Re: ICU locale validation / canonicalization

From: Jeff Davis <pgsql(at)j-davis(dot)com>
To: Peter Eisentraut <peter(dot)eisentraut(at)enterprisedb(dot)com>, Robert Haas <robertmhaas(at)gmail(dot)com>
Cc: pgsql-hackers(at)postgresql(dot)org
Subject: Re: ICU locale validation / canonicalization
Date: 2023-03-24 23:28:24
Message-ID: 2a9013df9a197aa5eb2d85b5f7ec0c5a726b6a2e.camel@j-davis.com
Views: Raw Message | Whole Thread | Download mbox | Resend email
Thread:
Lists: pgsql-hackers

On Fri, 2023-03-24 at 10:10 +0100, Peter Eisentraut wrote:
> Couldn't we do this in a simpler way by just freeing the collator
> before
> the ereport() calls.

I committed a tiny patch to do this.

We still need to address the error inconsistency though. The problem is
that, in older ICU versions, if the fixup for "und(at)colNumeric=lower" ->
"root(at)colNumeric=lower" is applied, then icu_set_collation_attributes()
will throw an error reporting "root(at)colNumeric=lower", which is not
what the user typed.

We could fix that directly by passing the original string to
icu_set_collation_attributes() instead, or perhaps as an extra
parameter used only for the ereport().

I like the minor refactoring I did better, though.

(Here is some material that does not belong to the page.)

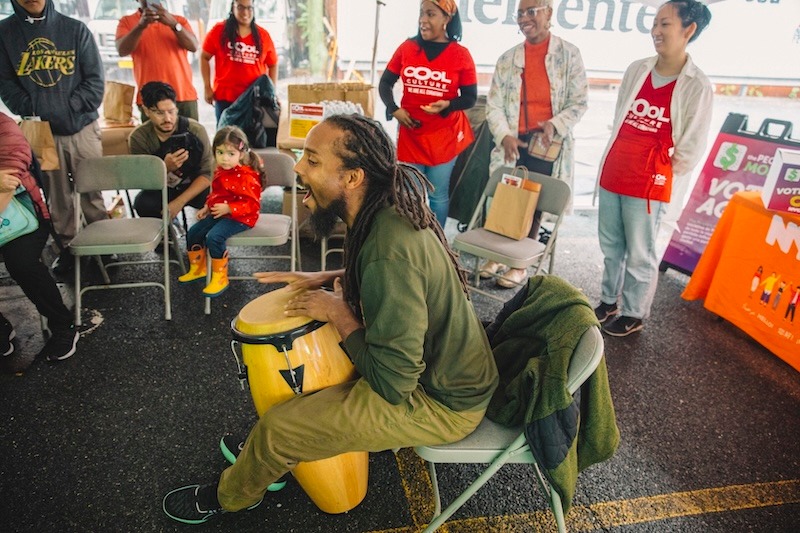 A man plays a drum while seated, surrounded by adults and children, some wearing red shirts with "Cool Culture" written on them, at an outdoor community event.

It puts the
ereports() close to each other, so any differences are more obvious.
And it seems cleaner to me for pg_ucol_open to close the UCollator
because it's the one that opened it. I don't have a strong opinion, but
that's my reasoning.

>   Or wrap a PG_TRY/PG_FINALLY around the whole thing?

I generally avoid PG_TRY/FINALLY unless it avoids some major
awkwardness or other problem.

> It would be nicer to not make the callers of
> icu_set_collation_attributes() responsible for catching and reporting
> the errors.

There's only one caller now: pg_ucol_open().

> [PATCH v8 2/4] initdb: emit message when using default ICU locale.
>
> I'm not able to make initdb print this message.  Under what
> circumstances am I supposed to see this?  Do you have some examples?

It happens when you don't specify --icu-locale. It is slightly
redundant with "ICU locale", but it lets you see that it came from the
environment rather than the command line:

-------------
$ initdb -D data
The files belonging to this database system will be owned by user
"someone".
This user must also own the server process.

Using default ICU locale "en_US_POSIX".
The database cluster will be initialized with this locale
configuration:
provider: icu
ICU locale: en_US_POSIX
...
-------------

That seems fairly useful for testing, etc., where initdb.log doesn't
show the command line options.

> The function check_icu_locale() has now gotten a lot more
> functionality
> than its name suggests.  Maybe the part that assigns the default ICU
> locale should be moved up one level to setlocales(), which has a
> better
> name and does something similar for the libc locale realm.

Agreed, done.

In fact, initdb.c:check_icu_locale() is completely unnecessary in that
patch, because as the comment points out, the backend will try to open
it during post-bootstrap initialization. I think it was simply a
mistake to try to do this validation in commit 27b62377b4.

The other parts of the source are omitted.